Emery's team has traveled all over Germany and beyond supporting training missions. He said most of his crew are ex-Soldiers or retirees and probably love the Army as much as he does.
"It's probably as close to being still in uniform as you can get without having to get out and get muddy and cold," he said, laughing.
"All of us are very serious about what we do," he said, explaining that during a rotation there's no such thing as an eight-hour day. "We work till everything is completed, and we feel like we've done what we needed to do for that day."
"You get a real sense of doing something worthwhile," said Emery. "These kids are going on real missions. Maybe something that we show them, or give them, maybe saves a life. I think that's what keeps me going. It'd be hard to work here and work the hours we work if you didn't think that way."
Hard work is nothing new to Emery. His parents split up when he was 13, and his mother struggled to make ends meet cleaning houses. He borrowed money from his grandfather to buy a lawn mower and started cutting grass to buy clothes for school, but not before he'd repaid the money he borrowed.
"I never was handed anything," said Emery. "If you want something, you had to go get it, and you had to work for it. You wait for someone to give you something, you're going to be waiting a long time."
This strong work ethic served him well throughout his career, in some cases leading to his advancement over others who were senior to him.
"When your senior leaders pull you from down here, and place you over these guys, that's a hell of a feeling," he said. "And a hell of a responsibility."
But responsibility has never scared Emery, who has always been quick to raise his hand when a task needed done. This can-do attitude undoubtedly helped when Emery was assigned as first sergeant for Alpha Battery, 3rd Battalion, 21st Field Artillery Regiment, in Kitzingen, Germany.
"First sergeant was the greatest position I ever had," said Emery. As the United States prepared for the Vietnam War, Soldiers were being pulled and reassigned at an unprecedented rate.
"First time I was a first sergeant, I was an E-6 believe it or not.
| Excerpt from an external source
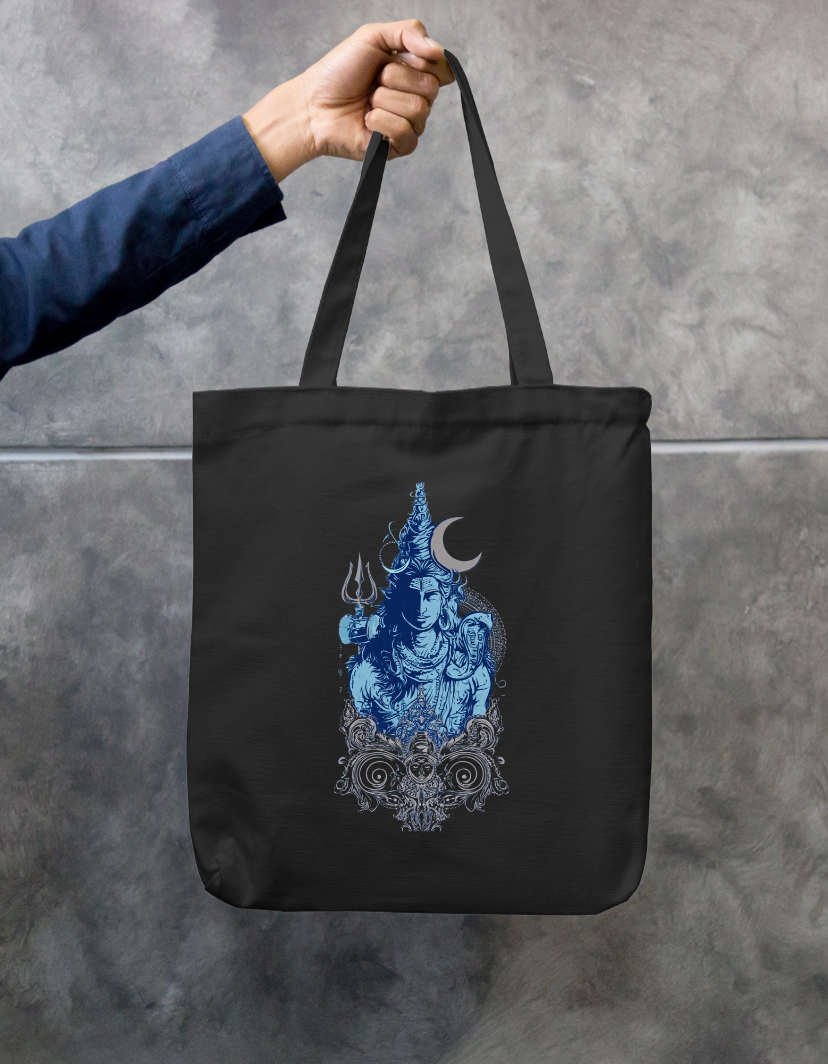 Shiva Art Tote Bag Zipper Tote Bag by @rd_digital_store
I looked around, and I'm the ranking enlisted guy in the company!
"That's a scary position," he said. "You can screw up some stuff big time. When you say something, you've got 100-200 people taking that as gospel. So you've got to be right!"
Helping others is what made first sergeant such a rewarding experience for Emery.
Getting things done, and getting them done well, has always been important to Emery.
"My dad taught me, anything you do is worth doing to the best of your ability," said Emery. "And I tell my guys, all I can expect for you to do is give me 100 percent every day, and try your best."
Emery gets frustrated when others don't share this commitment.
"I see guys on the PT test who will do the bare minimum; they'll do 30 pushups and then stop. And they got a minute left! Why would you cut yourself short like that' You don't even know what you're capable of."
Emery feels that it is the duty of good bosses and supervisors to get everything they can out of their men, and he believes in leading by example.
"I'm the oldest guy on the team," he said, "and when we do the rotations, I do the same thing they do. I'm the first guy in there, and I'm the last guy to leave."
As part of the same ITACSS team for 20 years, Emery is quick to give credit to his men.
"We're like family," he said. "Hands down I got the best team, and it's not because of me, it's because of the people."
At 68, Emery is starting to think about retiring. His wife of 45 years, Barbara, is originally from Darmstadt, and the couple plans to remain in Germany after his retirement.
"I probably have two more years," said Emery. "I don't know what I'll do next. But I'll have to find something. I'm still a ball of energy. I feel my age some, now. I get up, and I crank and crunch, but I still want to get up because I still want to go to work."